» Thu Dec 02, 2010 12:17 pm
I wouldn't mind replacing the actual gold value with a "rating" that's based on the value-to-weight ratio. That's even more convenient, and it's more believable than a number that you somehow know.
Because you have to consider that taking away the value stat of an item simply makes you look at the object and judge how valuable it is for yourself. Once you know the game's rules, that is kinda equivalent to a gold value. The gold value stat is more convenient, however, and it basically tells you "from the looks of this item, your character estimates its value" - that's exactly what you'd be doing yourself without the price tag. So that is actually an RPG feature - instead of placing it into the player's hands, the game lets the character make an estimation (which by the way only roughly corresponds to the actual value you're getting anyway). And well, we have to accept it as a given that the hero of a game has an eye for that. So the feature itself isn't so much the problem, it's the representation of it; seeing a fixed, precise value is unbelievable.

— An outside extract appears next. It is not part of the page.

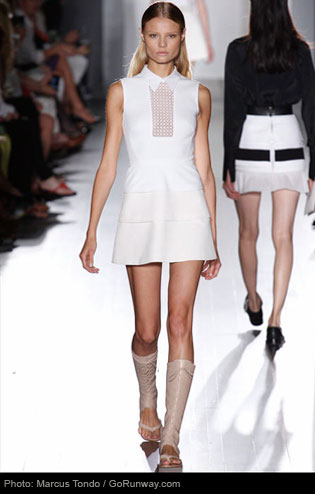 Victoria Beckham: Flats. 2013 spring and summer fashion trend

In Oblivion, the gold-to-weight ratio scale had a pretty small range. You usually wouldn't even consider items below a value of 10:1. And valuable items only rarely reached 70:1 (and if they did, like some potions, then it wasn't very balanced).
In the end, I think, a scale with about 7 different levels would be precise enough (going from 10:1 as the lower end to 70:1 as the upper end, for example). The rating should of course use small descriptions and not a scale.